__PROBLEM DETAILS__
For the listing below, the answer is an exact retyping of the lines from the one with "LVT flooring fitted by Sam Hainey" through the one with "Ford Galaxy Titan.", both included, without pictures.
[[ DATA EXTRACT, beginning ]]
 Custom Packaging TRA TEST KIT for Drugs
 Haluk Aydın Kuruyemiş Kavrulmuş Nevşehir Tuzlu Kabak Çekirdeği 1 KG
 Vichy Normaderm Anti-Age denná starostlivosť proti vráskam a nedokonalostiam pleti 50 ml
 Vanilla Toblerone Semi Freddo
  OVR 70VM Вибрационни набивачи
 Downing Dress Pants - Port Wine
[[ DATA EXTRACT, end ]]
[[ DATA EXTRACT, beginning ]]
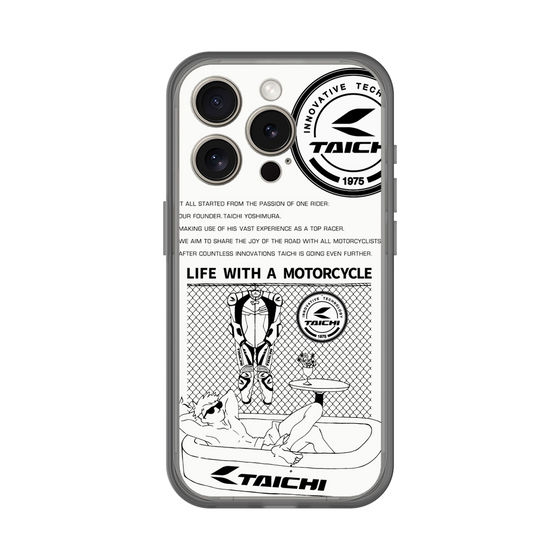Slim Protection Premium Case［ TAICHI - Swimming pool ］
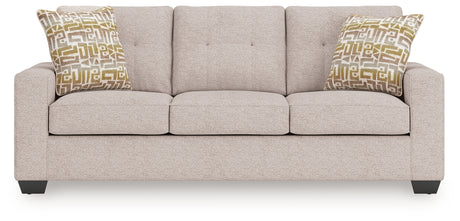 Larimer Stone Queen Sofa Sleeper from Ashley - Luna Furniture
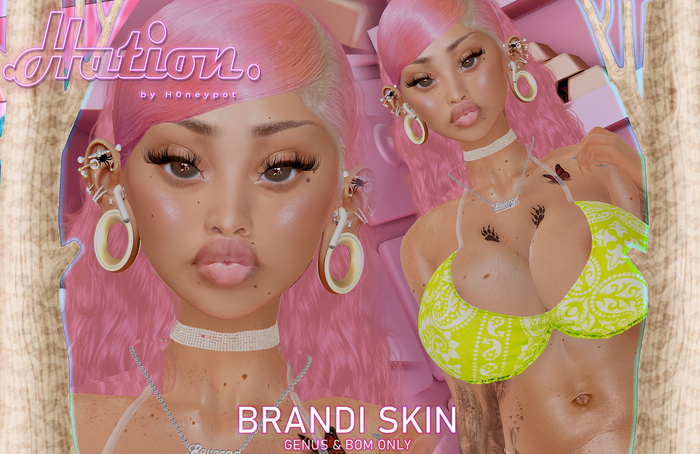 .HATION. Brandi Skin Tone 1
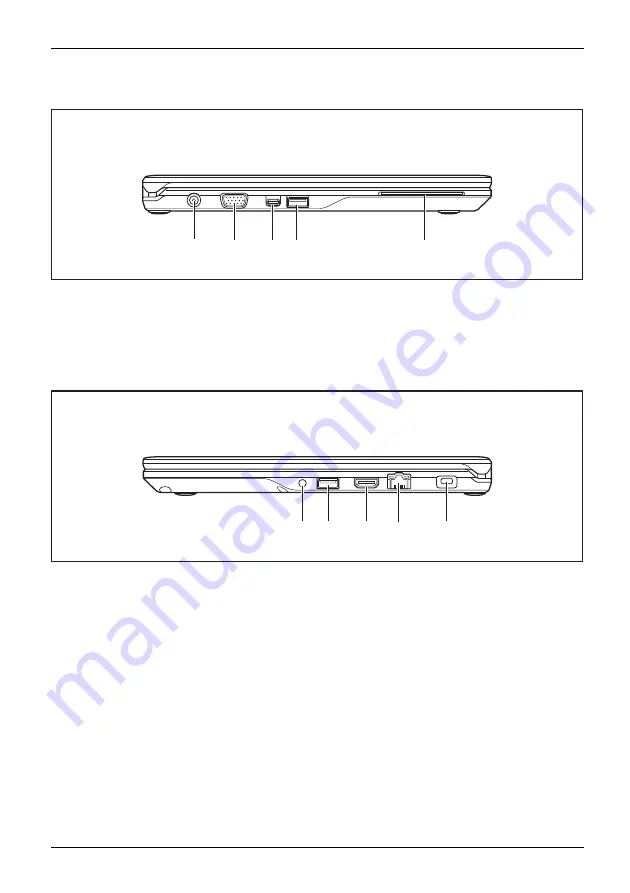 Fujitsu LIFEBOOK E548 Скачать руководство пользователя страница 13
[[ DATA EXTRACT, end ]]
[[ DATA EXTRACT, beginning ]]
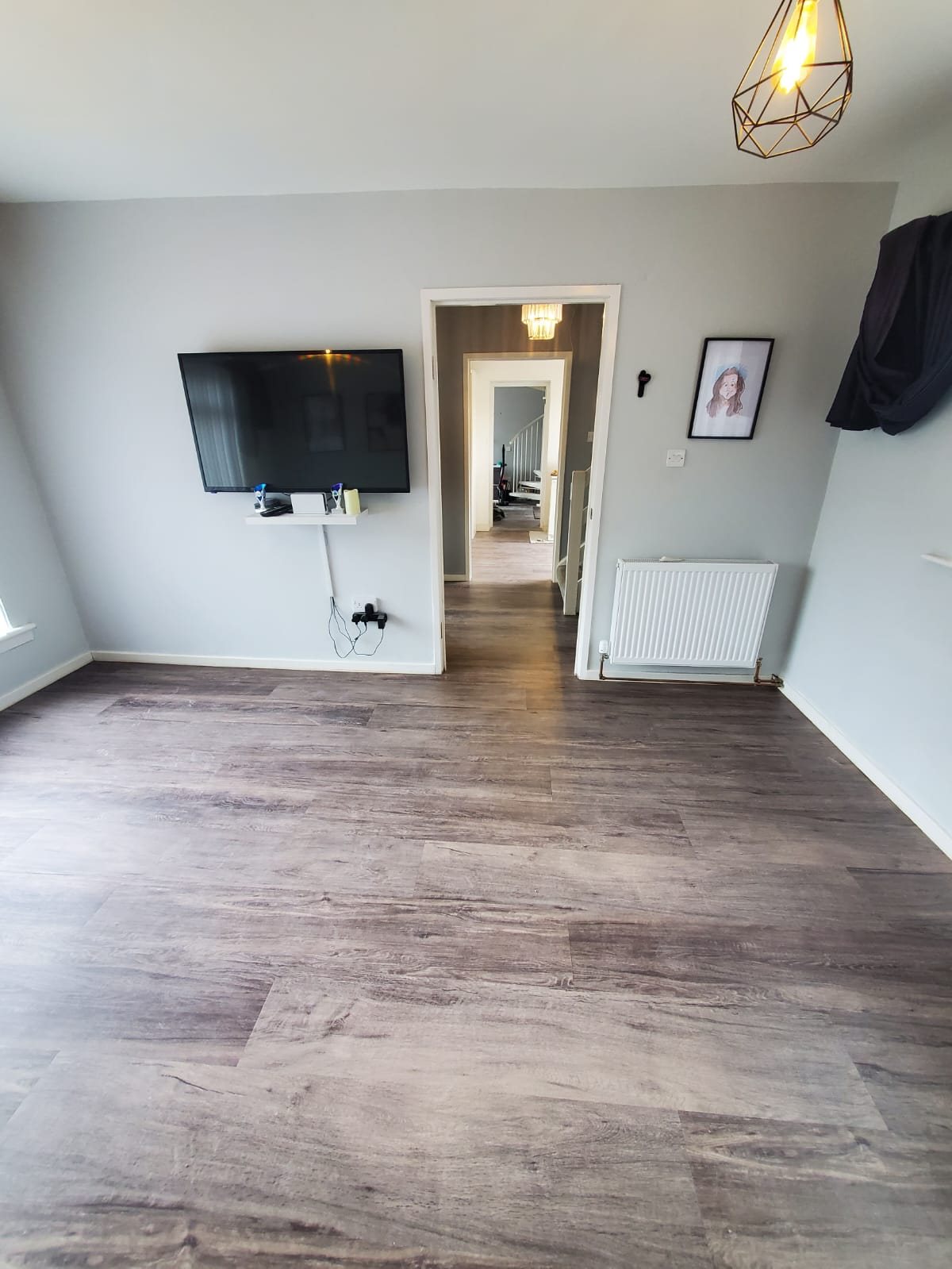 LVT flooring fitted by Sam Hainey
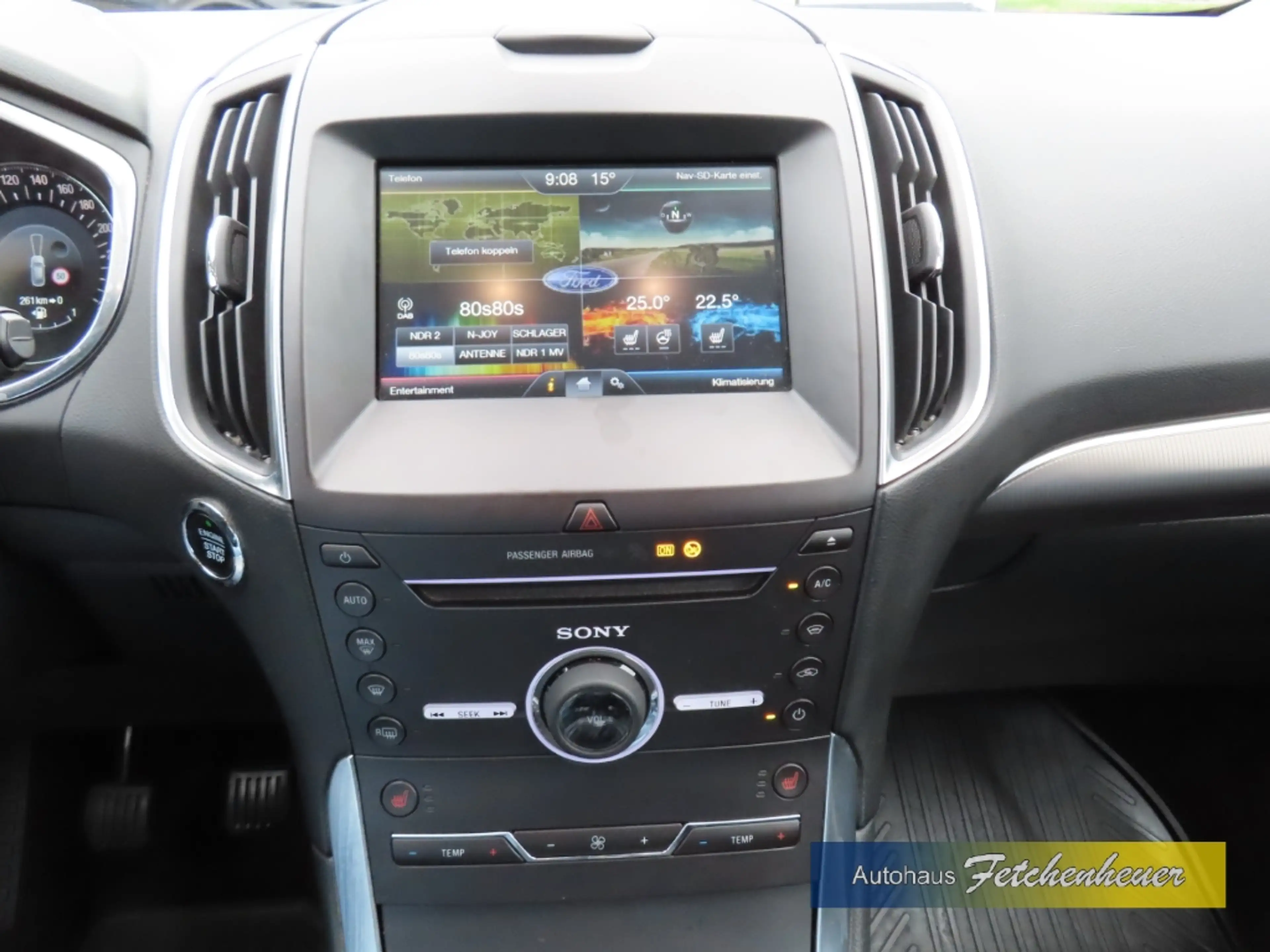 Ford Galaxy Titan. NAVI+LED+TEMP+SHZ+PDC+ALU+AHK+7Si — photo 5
[[ DATA EXTRACT, end ]]
__TASK RESULT__
 LVT flooring fitted by Sam Hainey
 Ford Galaxy Titan. NAVI+LED+TEMP+SHZ+PDC+ALU+AHK+7Si — photo 5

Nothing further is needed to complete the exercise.